* _Problem details_
In the material below, find the span from the line with "Nature maljakko 20 cm, Hiekka House Doctor" to the line with "Mt Dana Euro" and transcribe only those lines, exactly, ends included, without the pictures.

* _Extracted information_
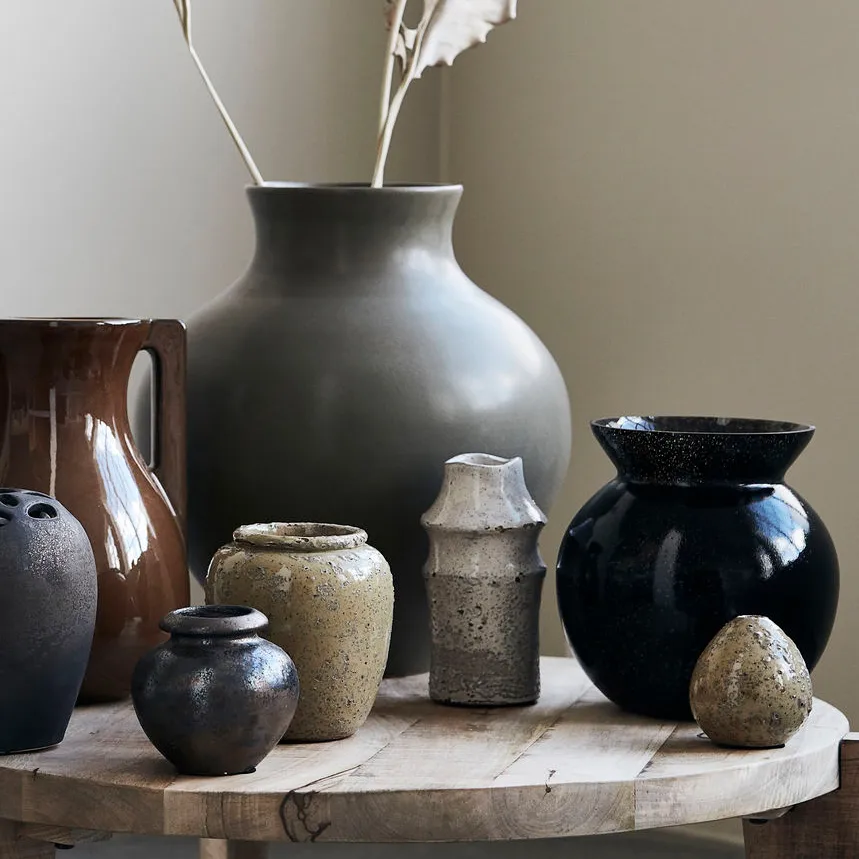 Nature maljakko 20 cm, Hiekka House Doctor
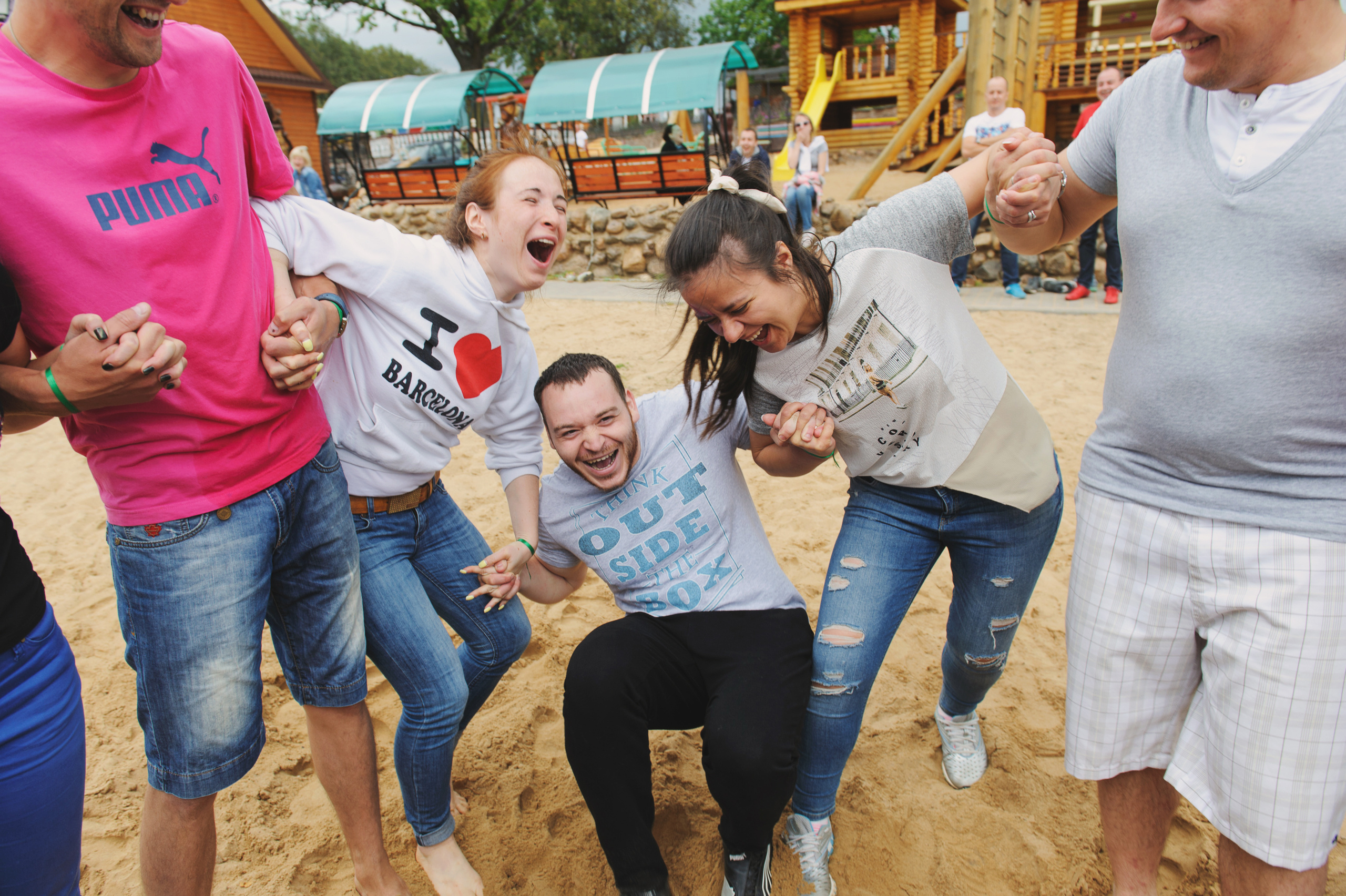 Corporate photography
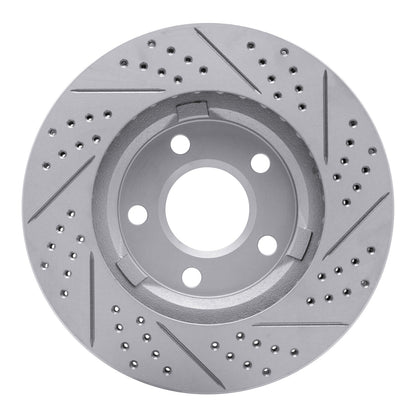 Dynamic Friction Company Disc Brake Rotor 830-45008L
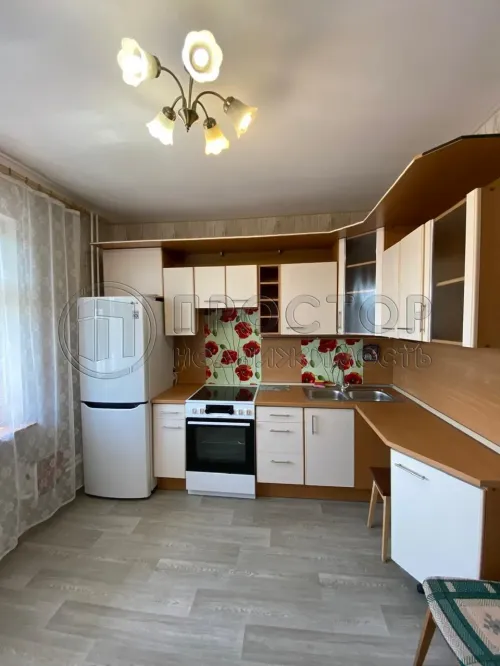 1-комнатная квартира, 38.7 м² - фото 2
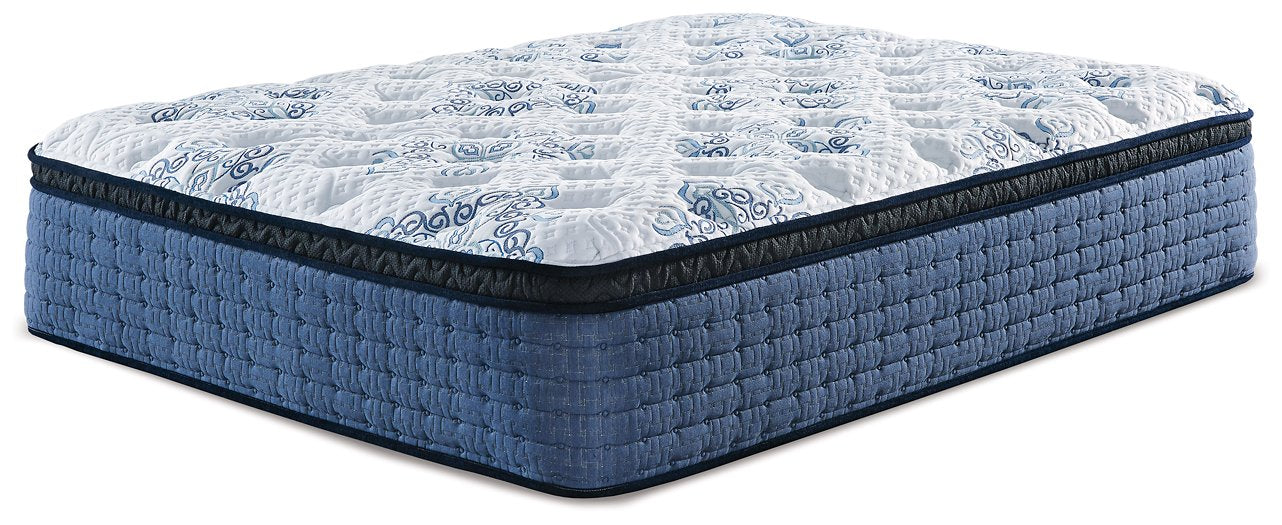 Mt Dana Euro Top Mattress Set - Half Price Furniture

---

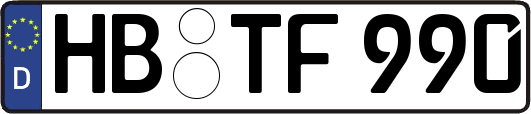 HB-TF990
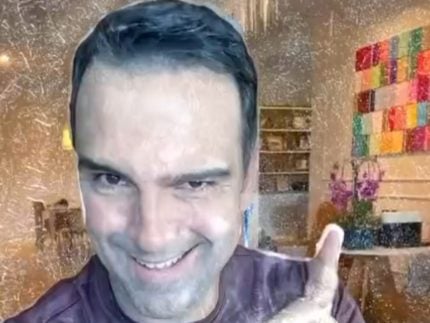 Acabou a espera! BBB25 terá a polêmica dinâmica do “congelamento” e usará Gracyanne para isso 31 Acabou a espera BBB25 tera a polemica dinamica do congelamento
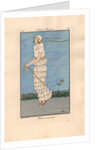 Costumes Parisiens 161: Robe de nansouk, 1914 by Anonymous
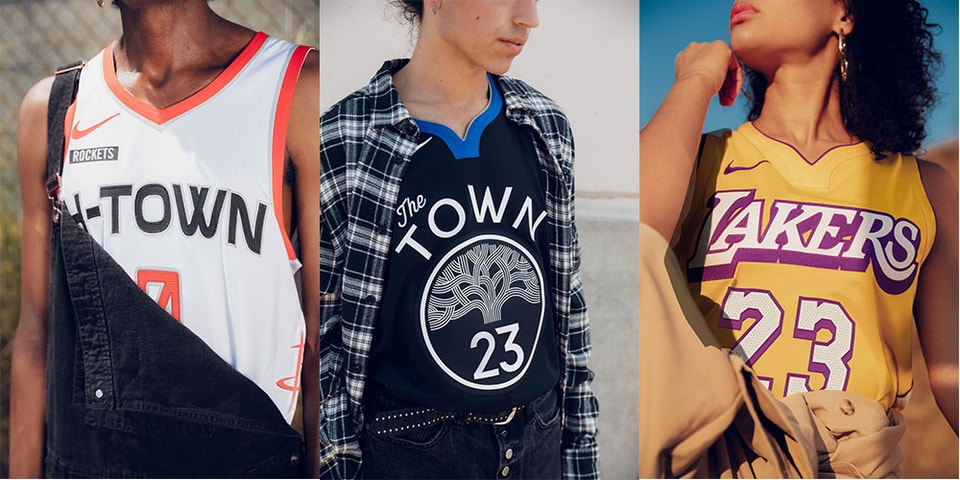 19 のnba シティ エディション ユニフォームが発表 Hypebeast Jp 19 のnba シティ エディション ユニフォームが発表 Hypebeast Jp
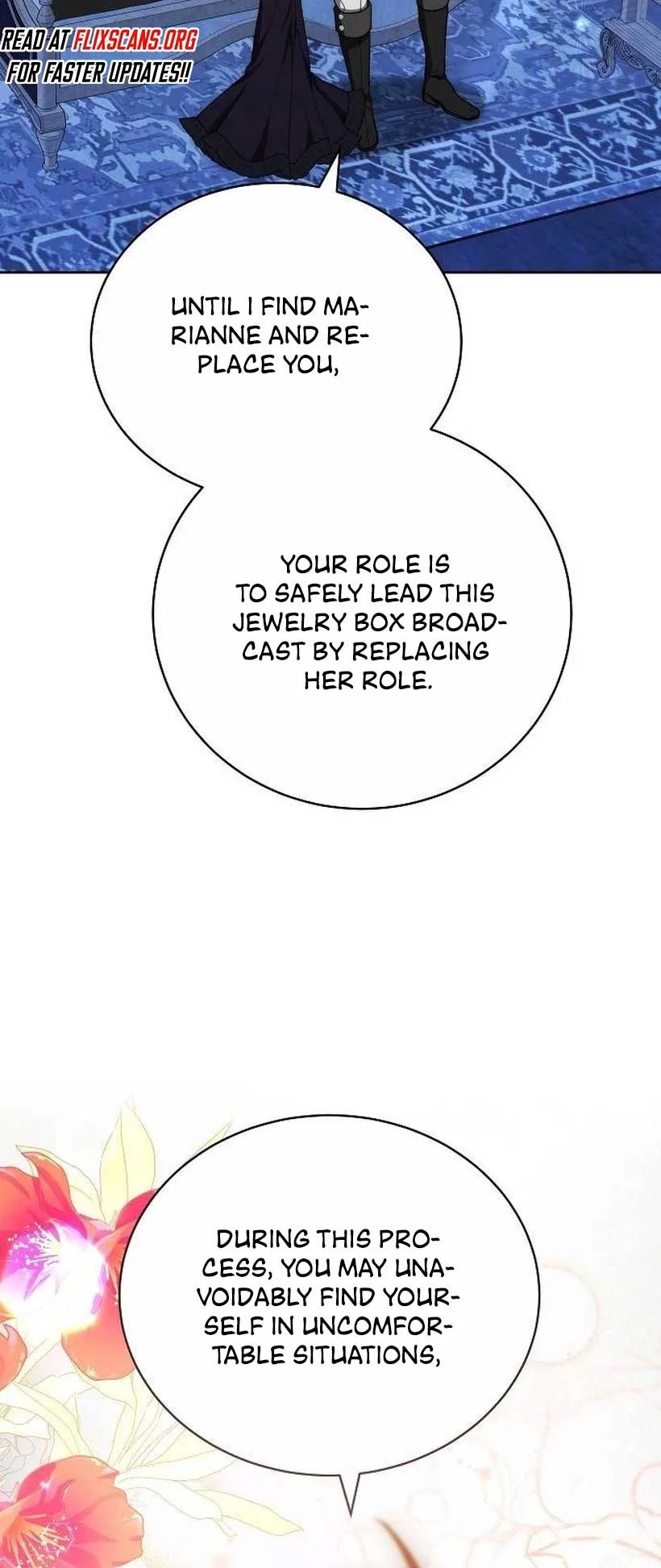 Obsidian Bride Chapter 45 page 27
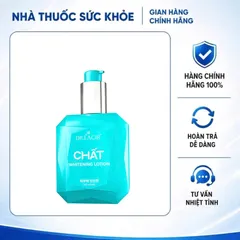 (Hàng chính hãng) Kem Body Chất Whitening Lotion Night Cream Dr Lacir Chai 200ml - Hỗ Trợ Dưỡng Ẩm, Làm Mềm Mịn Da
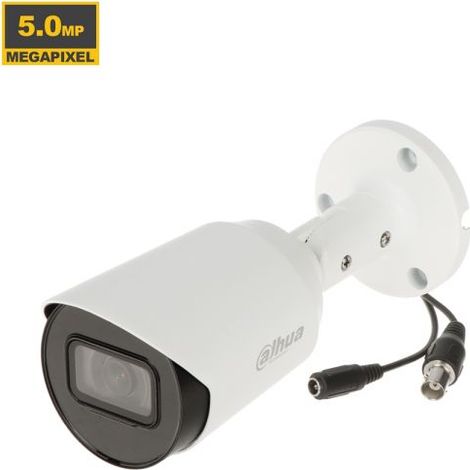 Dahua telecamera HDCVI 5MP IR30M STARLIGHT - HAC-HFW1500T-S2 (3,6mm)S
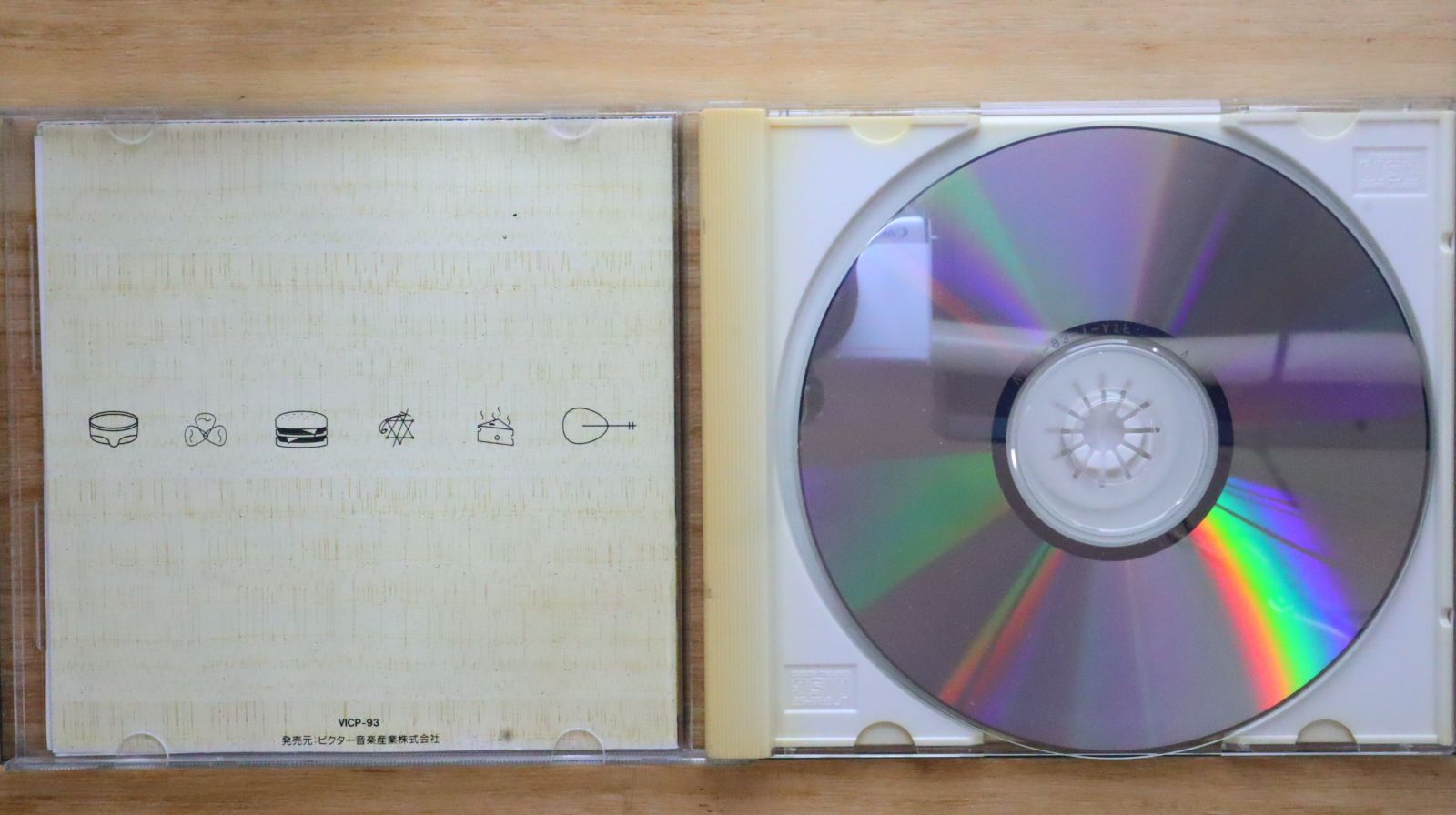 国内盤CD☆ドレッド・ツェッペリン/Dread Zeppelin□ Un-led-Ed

==

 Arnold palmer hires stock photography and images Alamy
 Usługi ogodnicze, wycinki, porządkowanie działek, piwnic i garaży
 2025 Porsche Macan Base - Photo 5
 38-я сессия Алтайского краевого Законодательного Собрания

* _Finished task_
 Nature maljakko 20 cm, Hiekka House Doctor
 Corporate photography
 Dynamic Friction Company Disc Brake Rotor 830-45008L
 1-комнатная квартира, 38.7 м² - фото 2
 Mt Dana Euro Top Mattress Set - Half Price Furniture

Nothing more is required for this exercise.